REPUBLIKA.CO.ID, JAKARTA -- Komisi Nasional Hak Asasi Manusia (Komnas HAM) merespons aduan keluarga dan tim penasihat hukum Gubernur Papua sekaligus tersangka kasus dugaan korupsi Lukas Enembe terkait permintaan perlindungan HAM. Lukas Enembe menuntut hak atas kesehatan selama menjalani proses hukum di KPK.
Komnas HAM telah menerima tiga pengaduan langsung terkait kesehatan Lukas Enembe. Pertama, pengaduan yang diwakili oleh Emanuel Herdyanto dkk pada 19 Desember 2022 di kantor Komnas HAM. Kedua, pengaduan langsung dari Front Mahasiswa Papua pada 26 Januari 2023 yang diwakili oleh Elon Wonda dkk. Ketiga, pelaporan dari Tim Penasihat Hukum Lukas Enembe pada 2 Februari 2023 di Kantor Komnas HAM.

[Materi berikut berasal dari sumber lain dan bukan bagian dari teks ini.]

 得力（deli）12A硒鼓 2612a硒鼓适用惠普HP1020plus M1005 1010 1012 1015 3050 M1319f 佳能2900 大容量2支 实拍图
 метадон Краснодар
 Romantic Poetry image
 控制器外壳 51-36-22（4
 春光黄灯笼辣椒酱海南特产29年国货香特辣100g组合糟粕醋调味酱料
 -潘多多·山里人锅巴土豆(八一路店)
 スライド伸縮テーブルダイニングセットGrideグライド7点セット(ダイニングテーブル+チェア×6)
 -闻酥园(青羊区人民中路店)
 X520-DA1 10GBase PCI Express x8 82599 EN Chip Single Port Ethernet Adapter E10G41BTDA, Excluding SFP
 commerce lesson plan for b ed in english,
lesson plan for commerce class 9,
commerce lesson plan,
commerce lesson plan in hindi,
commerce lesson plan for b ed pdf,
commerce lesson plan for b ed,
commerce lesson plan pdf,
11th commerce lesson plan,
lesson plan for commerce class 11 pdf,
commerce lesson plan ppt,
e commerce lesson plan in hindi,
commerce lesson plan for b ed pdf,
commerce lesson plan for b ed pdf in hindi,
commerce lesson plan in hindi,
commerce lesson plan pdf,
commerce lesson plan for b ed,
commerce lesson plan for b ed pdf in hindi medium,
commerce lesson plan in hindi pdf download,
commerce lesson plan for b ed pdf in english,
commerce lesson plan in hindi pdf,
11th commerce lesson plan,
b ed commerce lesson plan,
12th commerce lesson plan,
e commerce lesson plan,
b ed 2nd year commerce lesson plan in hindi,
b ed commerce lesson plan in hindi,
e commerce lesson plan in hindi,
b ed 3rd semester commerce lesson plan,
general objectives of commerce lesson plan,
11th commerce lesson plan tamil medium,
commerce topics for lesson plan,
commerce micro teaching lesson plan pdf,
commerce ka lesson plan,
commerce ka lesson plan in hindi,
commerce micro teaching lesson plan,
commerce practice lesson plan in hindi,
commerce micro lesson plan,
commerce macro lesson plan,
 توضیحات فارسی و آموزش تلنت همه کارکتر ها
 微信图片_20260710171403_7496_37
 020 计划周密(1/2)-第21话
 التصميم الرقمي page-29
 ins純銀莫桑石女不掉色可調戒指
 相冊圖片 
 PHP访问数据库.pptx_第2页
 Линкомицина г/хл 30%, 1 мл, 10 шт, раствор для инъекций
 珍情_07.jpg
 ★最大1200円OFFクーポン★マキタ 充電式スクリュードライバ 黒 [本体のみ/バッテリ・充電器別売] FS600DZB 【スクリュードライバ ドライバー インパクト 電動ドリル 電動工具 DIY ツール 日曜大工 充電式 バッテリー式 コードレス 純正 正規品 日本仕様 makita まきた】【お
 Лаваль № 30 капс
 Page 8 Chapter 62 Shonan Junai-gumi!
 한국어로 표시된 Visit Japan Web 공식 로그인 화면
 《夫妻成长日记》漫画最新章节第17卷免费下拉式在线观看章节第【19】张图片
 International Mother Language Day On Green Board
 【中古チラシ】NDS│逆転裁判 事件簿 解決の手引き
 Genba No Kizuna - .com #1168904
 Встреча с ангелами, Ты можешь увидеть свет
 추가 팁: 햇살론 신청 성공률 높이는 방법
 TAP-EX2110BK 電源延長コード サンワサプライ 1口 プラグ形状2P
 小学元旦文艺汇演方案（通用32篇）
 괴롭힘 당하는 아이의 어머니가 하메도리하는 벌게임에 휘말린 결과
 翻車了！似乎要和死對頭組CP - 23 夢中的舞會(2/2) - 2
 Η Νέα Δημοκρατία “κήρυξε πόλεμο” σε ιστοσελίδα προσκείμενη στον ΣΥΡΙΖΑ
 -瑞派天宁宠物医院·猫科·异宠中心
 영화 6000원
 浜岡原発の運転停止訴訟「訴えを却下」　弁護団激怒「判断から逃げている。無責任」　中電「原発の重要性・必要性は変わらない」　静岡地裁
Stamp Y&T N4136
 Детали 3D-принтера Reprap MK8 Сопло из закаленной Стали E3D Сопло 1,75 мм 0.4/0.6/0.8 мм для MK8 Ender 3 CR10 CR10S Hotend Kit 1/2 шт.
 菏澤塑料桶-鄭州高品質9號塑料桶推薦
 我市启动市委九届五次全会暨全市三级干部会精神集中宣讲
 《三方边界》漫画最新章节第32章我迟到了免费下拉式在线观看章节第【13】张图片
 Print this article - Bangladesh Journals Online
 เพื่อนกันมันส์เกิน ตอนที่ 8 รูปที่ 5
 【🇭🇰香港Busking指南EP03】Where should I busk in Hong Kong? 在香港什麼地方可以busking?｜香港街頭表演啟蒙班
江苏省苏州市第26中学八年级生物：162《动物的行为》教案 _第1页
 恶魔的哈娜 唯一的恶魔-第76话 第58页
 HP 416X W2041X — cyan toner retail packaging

"Dalam ketiga pengaduan, Komnas HAM RI menerima pengadu secara langsung di kantor Komnas HAM RI. Pada tanggal 2 Februari 2023, Pimpinan Komnas HAM RI telah bertemu dengan Tim Penasihat Hukum Lukas Enembe yang diwakili oleh Petrus Bala Pattyona dkk di Kantor Komnas HAM," kata Ketua Komnas HAM Atnike Nova Sigiro, Jumat (3/2).
Komnas HAM telah menindaklanjuti pengaduan tersebut melalui koordinasi dengan KPK, baik lisan maupun tertulis. Hal ini untuk memastikan diperhatikannya hak-hak tahanan. "Dalam hal ini hak atas kesehatan Lukas Enembe, sebagaimana diadukan kepada Komnas HAM," ujar Atnike.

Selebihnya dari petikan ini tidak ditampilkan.